Par Luc Cohen et Jacqueline Thomsen
(Reuters) – Un comité du Congrès américain enquêtant sur l’assaut du 6 janvier 2021 contre le Capitole américain a cherché à établir un dossier selon lequel le président de l’époque, Donald Trump, s’est comporté illégalement lorsqu’il a tenté d’annuler sa défaite électorale de 2020, mais quelles accusations pourraient les procureurs apporter contre Trump et comment pourrait-il se défendre?
Voici quelques idées lancées :
ENTRAVER UNE PROCÉDURE OFFICIELLE
Dans un dossier judiciaire du 2 mars, le comité a détaillé les efforts de Trump pour persuader le vice-président de l’époque, Mike Pence, soit de rejeter les listes d’électeurs de Joe Biden, qui a remporté les élections, soit de retarder le décompte de ces votes au Congrès.
Les efforts du président ont probablement violé une loi fédérale interdisant d’entraver « de manière corrompue » toute procédure officielle, ou de tenter de le faire, a déclaré David Carter, le juge fédéral californien chargé de l’affaire, dans une ordonnance écrite du 28 mars.

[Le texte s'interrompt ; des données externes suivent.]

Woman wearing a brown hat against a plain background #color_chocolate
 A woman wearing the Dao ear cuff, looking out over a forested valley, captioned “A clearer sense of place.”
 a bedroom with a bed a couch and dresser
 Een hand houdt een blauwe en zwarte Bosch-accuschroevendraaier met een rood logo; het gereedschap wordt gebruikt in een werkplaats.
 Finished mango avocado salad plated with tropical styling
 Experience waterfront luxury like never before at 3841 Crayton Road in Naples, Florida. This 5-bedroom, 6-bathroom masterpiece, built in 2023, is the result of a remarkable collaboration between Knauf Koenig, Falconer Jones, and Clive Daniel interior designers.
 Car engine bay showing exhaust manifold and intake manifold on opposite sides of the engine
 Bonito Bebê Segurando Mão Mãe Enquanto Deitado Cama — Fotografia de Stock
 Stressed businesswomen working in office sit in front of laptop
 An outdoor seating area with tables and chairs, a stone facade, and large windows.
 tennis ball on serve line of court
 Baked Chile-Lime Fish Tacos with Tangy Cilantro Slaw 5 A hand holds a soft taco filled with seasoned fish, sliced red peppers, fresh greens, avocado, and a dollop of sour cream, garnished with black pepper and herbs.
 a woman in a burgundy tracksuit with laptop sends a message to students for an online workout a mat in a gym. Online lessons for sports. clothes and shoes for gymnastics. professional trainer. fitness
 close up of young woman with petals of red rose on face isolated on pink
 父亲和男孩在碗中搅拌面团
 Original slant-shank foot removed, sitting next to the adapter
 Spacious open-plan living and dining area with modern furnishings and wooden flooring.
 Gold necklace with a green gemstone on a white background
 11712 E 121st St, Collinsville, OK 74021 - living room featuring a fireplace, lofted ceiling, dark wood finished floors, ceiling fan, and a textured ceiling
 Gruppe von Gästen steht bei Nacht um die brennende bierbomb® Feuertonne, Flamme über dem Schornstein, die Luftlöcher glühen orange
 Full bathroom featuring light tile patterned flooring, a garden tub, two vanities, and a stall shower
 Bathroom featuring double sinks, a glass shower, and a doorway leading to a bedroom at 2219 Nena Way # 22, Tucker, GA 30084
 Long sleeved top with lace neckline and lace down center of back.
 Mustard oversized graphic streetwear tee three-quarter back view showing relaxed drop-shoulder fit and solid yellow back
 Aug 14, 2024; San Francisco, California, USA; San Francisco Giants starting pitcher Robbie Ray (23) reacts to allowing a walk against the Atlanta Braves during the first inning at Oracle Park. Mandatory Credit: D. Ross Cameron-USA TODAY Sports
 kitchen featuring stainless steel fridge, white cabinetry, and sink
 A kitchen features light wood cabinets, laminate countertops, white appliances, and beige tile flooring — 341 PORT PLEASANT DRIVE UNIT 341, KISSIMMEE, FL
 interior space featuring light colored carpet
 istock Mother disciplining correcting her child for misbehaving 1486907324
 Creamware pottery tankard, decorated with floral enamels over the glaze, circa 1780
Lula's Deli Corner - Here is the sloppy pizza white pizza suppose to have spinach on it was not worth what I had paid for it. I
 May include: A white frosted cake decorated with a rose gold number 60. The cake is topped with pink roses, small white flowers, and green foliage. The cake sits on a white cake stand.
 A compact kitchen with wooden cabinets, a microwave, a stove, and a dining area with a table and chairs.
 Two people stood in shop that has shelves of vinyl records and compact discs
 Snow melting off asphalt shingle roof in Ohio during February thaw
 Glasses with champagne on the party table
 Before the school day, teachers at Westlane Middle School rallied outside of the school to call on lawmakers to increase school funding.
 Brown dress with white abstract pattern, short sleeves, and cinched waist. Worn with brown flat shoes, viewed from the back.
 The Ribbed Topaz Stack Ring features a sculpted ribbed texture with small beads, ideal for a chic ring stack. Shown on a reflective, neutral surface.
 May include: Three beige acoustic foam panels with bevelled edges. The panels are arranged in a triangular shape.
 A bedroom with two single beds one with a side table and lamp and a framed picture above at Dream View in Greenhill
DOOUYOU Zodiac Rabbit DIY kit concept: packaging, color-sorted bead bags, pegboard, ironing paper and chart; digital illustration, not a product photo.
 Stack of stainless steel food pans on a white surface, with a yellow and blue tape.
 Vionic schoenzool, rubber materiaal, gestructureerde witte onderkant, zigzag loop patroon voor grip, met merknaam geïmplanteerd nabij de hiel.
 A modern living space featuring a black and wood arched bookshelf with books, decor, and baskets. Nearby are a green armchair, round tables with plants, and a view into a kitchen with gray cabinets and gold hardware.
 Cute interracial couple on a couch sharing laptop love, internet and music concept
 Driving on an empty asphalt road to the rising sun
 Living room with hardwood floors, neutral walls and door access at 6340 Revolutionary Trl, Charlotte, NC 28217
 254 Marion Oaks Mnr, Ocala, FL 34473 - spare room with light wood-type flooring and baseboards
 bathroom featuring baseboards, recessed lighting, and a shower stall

Lors d’une audience aux heures de grande écoute jeudi, les membres du comité ont allégué que Trump avait regardé la violence au Capitole américain se dérouler en direct à la télévision et n’avait pas réussi à l’empêcher. Des témoins ont témoigné de la réticence de Trump à dire aux émeutiers de partir pendant des heures après avoir percé le bâtiment.
Jennifer Rodgers, ancienne procureure fédérale et chargée de cours à la Columbia Law School, a déclaré qu’un procureur inclurait ce témoignage s’il devait juger Trump pour obstruction, car cela montrerait son intention à l’époque.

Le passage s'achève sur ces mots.